Their mind is going a million miles an hour, and they really just need a listening ear so they can get it all out and get focused again.
Telling someone who is stressed that you’re available to listen and that they can vent to you is a perfectly acceptable thing to say and let’s them know that you’re emotionally available for them to dump onto if they need to.
They might not take you up on it, but just knowing that you’ve offered and that they have someone to turn to if they do need to cry or vent or complain is priceless.
2. Ask if There’s Anything You Can Do to Help
Sometimes, people are stressed about very specfic things.
Maybe they have an intense schedule all week or there are so many tasks on their plate that they are finding hard to juggle.
By asking if there’s anything you can do to help and genuinely meaning it, it gives the other person the ability to either turn you down or use it as a chance to reach out and tell you that actually they would love some help.
Don’t offer this if you don’t really mean it, as you won’t want to be stuck in a situation where someone takes you up on the offer to help and then you don’t actually have the time, but if you are genuine about it, offer!
3. Offer to Help in Specific Ways or Tell Them You’re Going to Help
If you know the person well, you can offer to help them in certain ways that you know is going to help them.

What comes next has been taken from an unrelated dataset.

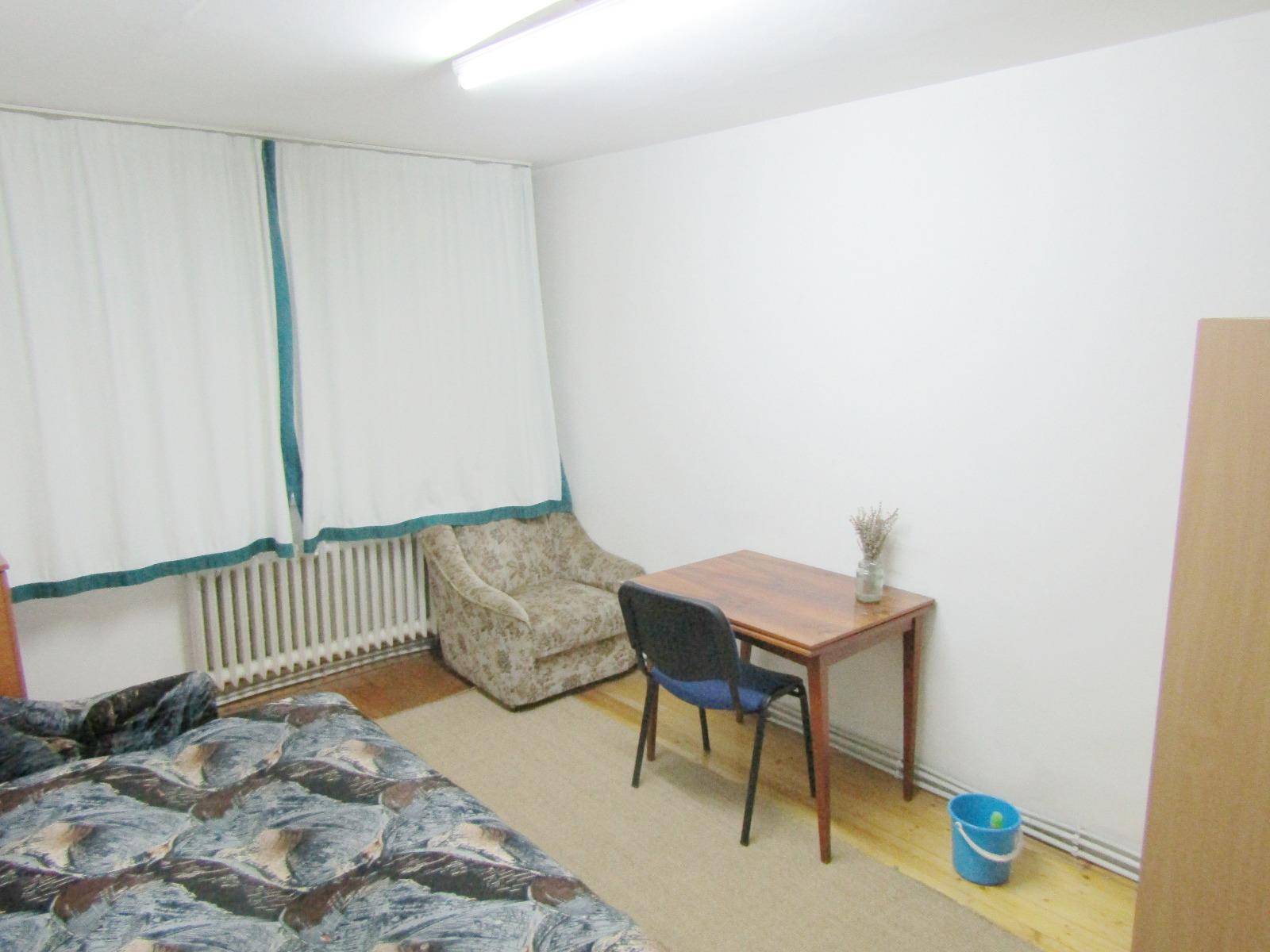 Apartament de vânzare 3 camere Manastur - 26112AV | BLITZ Cluj-Napoca | Poza2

For instance, ” I know you’re really stressed because Susie needs 50 cookies for the bake sale tomorrow, but I really don’t mind helping. I’ll pick her up and she can come bake cookies with me. How does 3pm sound?” or saying something like, “Okay, I’m coming over to help you pick napkins for the wedding. You don’t have a choice! Be there in 20 minutes!”
Sometimes, it’s hard for people to reach out and ask to help, so if you have a close enough relationship where you can just show up and help based on knowing what they need, all the better.
4. Remind Them Of the Calm After the Storm
Stress often comes from a particularly busy or painful period of time in our lives, but it’s unusual for anyone to live a perpetually stressful life that is truly concerning with how stressful it is 24/7.
Remind the person that there is a calm after the storm, just as soon as they get through these mid-terms or after the school year lets out or when they’re on honeymoon just soaking up the sunshine and not having to think about table layouts.
This does depend on what the person is stressed about, but trying to help them see that there is a light at the end of the tunnel can go a little ways towards keeping their brain focused on the positives rather than the storm they are in.
5. Tell Them How Strong They Are
When you’re wondering what to say to a stressed person, just think about encouraging people giving them praise with how they’re handling it.
You can say, “I know it’s hard to juggle homeschooling all 4 of the kids at once, but you’re doing the best you can and that’s all anyone can ask. You’re a great mom!” or “You can totally do well on this test, I know you know the history of Mongolia better than anyone! You’re so smart and you’ve got this!”
6. Try to Come Up with Ideas to Fix Things – IF They Are Open To It
A lot of times, people who are telling you they are stressed are not actually looking for you to fix it for them.
Sometimes, they really just want to vent and that’s all.
However, there are instances where a person could really do with suggestions on how to fix their problems that they maybe haven’t thought of, and you can help brainstorm.
It could also be that you can offer them resources like, “Want me to put you in touch with my mom who had to go through the same thing when she tried to renew her license?”
However, offer to help them brainstorm or come up with solutions first before just going for it, as it could be the opposite of what they need.
7. Sympathize and Send Your Best Wishes
If you don’t know them well, you can stick to the basics of just sending your best wishes and giving them some sympathy with an “I’m sorry you’re so stressed!”
It shows that you care, but it doesn’t go over board on trying to counsel the person in front of you in the check out line.
8. Don’t Tell Them Not to Be Stressed
If there’s one thing you shouldn’t do, it’s to tell the person not to be stressed, even in a lighthearted way like, “Hey! Don’t be stressed! It’s all going to be okay!”.
Allow them to feel their feelings and be stressed if they feel that.
You telling them not to be stressed is not going to make it so, so use the suggestions above instead and skip that bit.